## What you are asked to do
All of the data below needs to be set down again, exactly as shown.

Dataset records:
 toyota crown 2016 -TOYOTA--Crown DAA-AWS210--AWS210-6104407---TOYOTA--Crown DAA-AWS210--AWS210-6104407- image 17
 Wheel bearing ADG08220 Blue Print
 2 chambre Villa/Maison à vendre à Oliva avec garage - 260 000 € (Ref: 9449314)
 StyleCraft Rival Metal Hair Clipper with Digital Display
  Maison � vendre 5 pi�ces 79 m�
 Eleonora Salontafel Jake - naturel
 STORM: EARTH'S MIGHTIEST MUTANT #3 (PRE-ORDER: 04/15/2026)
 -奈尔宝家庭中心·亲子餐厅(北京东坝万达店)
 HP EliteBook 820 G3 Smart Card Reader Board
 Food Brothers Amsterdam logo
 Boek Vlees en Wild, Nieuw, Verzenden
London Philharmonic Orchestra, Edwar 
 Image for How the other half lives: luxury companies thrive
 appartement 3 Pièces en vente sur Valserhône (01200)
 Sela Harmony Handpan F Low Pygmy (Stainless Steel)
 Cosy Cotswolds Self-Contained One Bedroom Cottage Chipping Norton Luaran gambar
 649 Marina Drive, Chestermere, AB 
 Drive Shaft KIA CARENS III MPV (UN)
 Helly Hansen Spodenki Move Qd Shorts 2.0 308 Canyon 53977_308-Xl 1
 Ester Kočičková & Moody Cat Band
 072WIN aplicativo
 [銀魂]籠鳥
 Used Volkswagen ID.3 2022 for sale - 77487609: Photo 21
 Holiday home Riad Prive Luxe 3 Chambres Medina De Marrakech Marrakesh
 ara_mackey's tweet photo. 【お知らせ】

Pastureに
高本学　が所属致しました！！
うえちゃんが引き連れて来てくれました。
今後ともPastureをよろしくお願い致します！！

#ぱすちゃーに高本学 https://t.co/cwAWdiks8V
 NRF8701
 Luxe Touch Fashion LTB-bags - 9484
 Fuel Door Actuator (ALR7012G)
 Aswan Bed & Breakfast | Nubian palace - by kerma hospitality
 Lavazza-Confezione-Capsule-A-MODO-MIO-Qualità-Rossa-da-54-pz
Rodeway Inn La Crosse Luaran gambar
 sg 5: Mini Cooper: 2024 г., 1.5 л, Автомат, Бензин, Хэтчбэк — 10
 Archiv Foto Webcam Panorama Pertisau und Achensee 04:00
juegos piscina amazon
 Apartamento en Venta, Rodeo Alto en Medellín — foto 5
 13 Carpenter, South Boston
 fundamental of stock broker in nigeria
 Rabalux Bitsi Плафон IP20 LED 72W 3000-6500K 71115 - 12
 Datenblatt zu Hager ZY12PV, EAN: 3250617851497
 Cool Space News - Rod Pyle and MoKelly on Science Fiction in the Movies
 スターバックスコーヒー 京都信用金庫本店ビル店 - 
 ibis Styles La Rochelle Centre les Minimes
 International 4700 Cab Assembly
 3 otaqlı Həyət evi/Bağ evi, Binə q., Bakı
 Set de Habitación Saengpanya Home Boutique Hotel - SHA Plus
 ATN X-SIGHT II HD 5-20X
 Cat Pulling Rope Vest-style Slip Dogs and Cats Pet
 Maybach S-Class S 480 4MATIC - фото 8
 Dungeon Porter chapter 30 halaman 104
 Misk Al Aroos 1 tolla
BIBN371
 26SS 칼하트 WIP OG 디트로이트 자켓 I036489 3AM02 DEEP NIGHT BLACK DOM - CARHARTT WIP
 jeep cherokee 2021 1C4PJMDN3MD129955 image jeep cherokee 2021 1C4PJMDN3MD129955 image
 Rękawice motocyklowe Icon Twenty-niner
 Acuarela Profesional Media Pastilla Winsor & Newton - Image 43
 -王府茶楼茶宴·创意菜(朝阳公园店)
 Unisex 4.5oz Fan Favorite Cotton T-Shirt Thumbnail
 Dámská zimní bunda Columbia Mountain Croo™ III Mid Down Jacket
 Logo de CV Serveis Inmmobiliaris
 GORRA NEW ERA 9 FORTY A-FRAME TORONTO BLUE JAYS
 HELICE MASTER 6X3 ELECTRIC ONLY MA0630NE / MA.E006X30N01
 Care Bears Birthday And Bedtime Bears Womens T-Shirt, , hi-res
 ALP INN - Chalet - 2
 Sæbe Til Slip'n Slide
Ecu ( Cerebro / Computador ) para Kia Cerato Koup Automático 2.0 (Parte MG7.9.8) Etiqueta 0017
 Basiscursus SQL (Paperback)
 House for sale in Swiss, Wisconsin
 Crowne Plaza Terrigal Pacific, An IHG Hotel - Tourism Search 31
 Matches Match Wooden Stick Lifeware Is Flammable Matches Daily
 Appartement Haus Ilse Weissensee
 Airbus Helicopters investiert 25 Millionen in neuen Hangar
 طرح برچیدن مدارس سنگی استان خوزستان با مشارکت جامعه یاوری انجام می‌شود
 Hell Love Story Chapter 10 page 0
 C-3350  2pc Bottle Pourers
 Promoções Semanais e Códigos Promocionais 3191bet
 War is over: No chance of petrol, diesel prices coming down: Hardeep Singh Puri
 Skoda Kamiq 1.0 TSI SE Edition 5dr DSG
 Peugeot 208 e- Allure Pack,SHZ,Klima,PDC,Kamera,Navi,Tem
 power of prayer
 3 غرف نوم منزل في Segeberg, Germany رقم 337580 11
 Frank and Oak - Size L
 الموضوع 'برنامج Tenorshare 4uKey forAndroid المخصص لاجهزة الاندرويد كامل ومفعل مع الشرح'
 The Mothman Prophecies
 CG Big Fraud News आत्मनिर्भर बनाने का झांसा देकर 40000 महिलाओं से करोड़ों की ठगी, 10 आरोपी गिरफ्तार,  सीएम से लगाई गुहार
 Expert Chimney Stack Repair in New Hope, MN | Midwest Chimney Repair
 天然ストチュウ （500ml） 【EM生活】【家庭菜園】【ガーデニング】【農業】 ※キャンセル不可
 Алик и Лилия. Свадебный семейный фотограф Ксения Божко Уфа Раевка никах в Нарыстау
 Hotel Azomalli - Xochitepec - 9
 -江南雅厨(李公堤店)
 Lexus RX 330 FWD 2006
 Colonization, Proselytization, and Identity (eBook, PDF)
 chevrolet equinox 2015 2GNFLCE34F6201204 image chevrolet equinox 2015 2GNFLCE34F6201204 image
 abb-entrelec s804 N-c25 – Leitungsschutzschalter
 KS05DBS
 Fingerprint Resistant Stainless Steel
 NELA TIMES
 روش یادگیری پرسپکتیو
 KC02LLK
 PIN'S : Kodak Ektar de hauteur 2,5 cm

## Output for this exercise
 toyota crown 2016 -TOYOTA--Crown DAA-AWS210--AWS210-6104407---TOYOTA--Crown DAA-AWS210--AWS210-6104407- image 17
 Wheel bearing ADG08220 Blue Print
 2 chambre Villa/Maison à vendre à Oliva avec garage - 260 000 € (Ref: 9449314)
 StyleCraft Rival Metal Hair Clipper with Digital Display
  Maison � vendre 5 pi�ces 79 m�
 Eleonora Salontafel Jake - naturel
 STORM: EARTH'S MIGHTIEST MUTANT #3 (PRE-ORDER: 04/15/2026)
 -奈尔宝家庭中心·亲子餐厅(北京东坝万达店)
 HP EliteBook 820 G3 Smart Card Reader Board
 Food Brothers Amsterdam logo
 Boek Vlees en Wild, Nieuw, Verzenden
London Philharmonic Orchestra, Edwar 
 Image for How the other half lives: luxury companies thrive
 appartement 3 Pièces en vente sur Valserhône (01200)
 Sela Harmony Handpan F Low Pygmy (Stainless Steel)
 Cosy Cotswolds Self-Contained One Bedroom Cottage Chipping Norton Luaran gambar
 649 Marina Drive, Chestermere, AB 
 Drive Shaft KIA CARENS III MPV (UN)
 Helly Hansen Spodenki Move Qd Shorts 2.0 308 Canyon 53977_308-Xl 1
 Ester Kočičková & Moody Cat Band
 072WIN aplicativo
 [銀魂]籠鳥
 Used Volkswagen ID.3 2022 for sale - 77487609: Photo 21
 Holiday home Riad Prive Luxe 3 Chambres Medina De Marrakech Marrakesh
 ara_mackey's tweet photo. 【お知らせ】

Pastureに
高本学　が所属致しました！！
うえちゃんが引き連れて来てくれました。
今後ともPastureをよろしくお願い致します！！

#ぱすちゃーに高本学 https://t.co/cwAWdiks8V
 NRF8701
 Luxe Touch Fashion LTB-bags - 9484
 Fuel Door Actuator (ALR7012G)
 Aswan Bed & Breakfast | Nubian palace - by kerma hospitality
 Lavazza-Confezione-Capsule-A-MODO-MIO-Qualità-Rossa-da-54-pz
Rodeway Inn La Crosse Luaran gambar
 sg 5: Mini Cooper: 2024 г., 1.5 л, Автомат, Бензин, Хэтчбэк — 10
 Archiv Foto Webcam Panorama Pertisau und Achensee 04:00
juegos piscina amazon
 Apartamento en Venta, Rodeo Alto en Medellín — foto 5
 13 Carpenter, South Boston
 fundamental of stock broker in nigeria
 Rabalux Bitsi Плафон IP20 LED 72W 3000-6500K 71115 - 12
 Datenblatt zu Hager ZY12PV, EAN: 3250617851497
 Cool Space News - Rod Pyle and MoKelly on Science Fiction in the Movies
 スターバックスコーヒー 京都信用金庫本店ビル店 - 
 ibis Styles La Rochelle Centre les Minimes
 International 4700 Cab Assembly
 3 otaqlı Həyət evi/Bağ evi, Binə q., Bakı
 Set de Habitación Saengpanya Home Boutique Hotel - SHA Plus
 ATN X-SIGHT II HD 5-20X
 Cat Pulling Rope Vest-style Slip Dogs and Cats Pet
 Maybach S-Class S 480 4MATIC - фото 8
 Dungeon Porter chapter 30 halaman 104
 Misk Al Aroos 1 tolla
BIBN371
 26SS 칼하트 WIP OG 디트로이트 자켓 I036489 3AM02 DEEP NIGHT BLACK DOM - CARHARTT WIP
 jeep cherokee 2021 1C4PJMDN3MD129955 image jeep cherokee 2021 1C4PJMDN3MD129955 image
 Rękawice motocyklowe Icon Twenty-niner
 Acuarela Profesional Media Pastilla Winsor & Newton - Image 43
 -王府茶楼茶宴·创意菜(朝阳公园店)
 Unisex 4.5oz Fan Favorite Cotton T-Shirt Thumbnail
 Dámská zimní bunda Columbia Mountain Croo™ III Mid Down Jacket
 Logo de CV Serveis Inmmobiliaris
 GORRA NEW ERA 9 FORTY A-FRAME TORONTO BLUE JAYS
 HELICE MASTER 6X3 ELECTRIC ONLY MA0630NE / MA.E006X30N01
 Care Bears Birthday And Bedtime Bears Womens T-Shirt, , hi-res
 ALP INN - Chalet - 2
 Sæbe Til Slip'n Slide
Ecu ( Cerebro / Computador ) para Kia Cerato Koup Automático 2.0 (Parte MG7.9.8) Etiqueta 0017
 Basiscursus SQL (Paperback)
 House for sale in Swiss, Wisconsin
 Crowne Plaza Terrigal Pacific, An IHG Hotel - Tourism Search 31
 Matches Match Wooden Stick Lifeware Is Flammable Matches Daily
 Appartement Haus Ilse Weissensee
 Airbus Helicopters investiert 25 Millionen in neuen Hangar
 طرح برچیدن مدارس سنگی استان خوزستان با مشارکت جامعه یاوری انجام می‌شود
 Hell Love Story Chapter 10 page 0
 C-3350  2pc Bottle Pourers
 Promoções Semanais e Códigos Promocionais 3191bet
 War is over: No chance of petrol, diesel prices coming down: Hardeep Singh Puri
 Skoda Kamiq 1.0 TSI SE Edition 5dr DSG
 Peugeot 208 e- Allure Pack,SHZ,Klima,PDC,Kamera,Navi,Tem
 power of prayer
 3 غرف نوم منزل في Segeberg, Germany رقم 337580 11
 Frank and Oak - Size L
 الموضوع 'برنامج Tenorshare 4uKey forAndroid المخصص لاجهزة الاندرويد كامل ومفعل مع الشرح'
 The Mothman Prophecies
 CG Big Fraud News आत्मनिर्भर बनाने का झांसा देकर 40000 महिलाओं से करोड़ों की ठगी, 10 आरोपी गिरफ्तार,  सीएम से लगाई गुहार
 Expert Chimney Stack Repair in New Hope, MN | Midwest Chimney Repair
 天然ストチュウ （500ml） 【EM生活】【家庭菜園】【ガーデニング】【農業】 ※キャンセル不可
 Алик и Лилия. Свадебный семейный фотограф Ксения Божко Уфа Раевка никах в Нарыстау
 Hotel Azomalli - Xochitepec - 9
 -江南雅厨(李公堤店)
 Lexus RX 330 FWD 2006
 Colonization, Proselytization, and Identity (eBook, PDF)
 chevrolet equinox 2015 2GNFLCE34F6201204 image chevrolet equinox 2015 2GNFLCE34F6201204 image
 abb-entrelec s804 N-c25 – Leitungsschutzschalter
 KS05DBS
 Fingerprint Resistant Stainless Steel
 NELA TIMES
 روش یادگیری پرسپکتیو
 KC02LLK
 PIN'S : Kodak Ektar de hauteur 2,5 cm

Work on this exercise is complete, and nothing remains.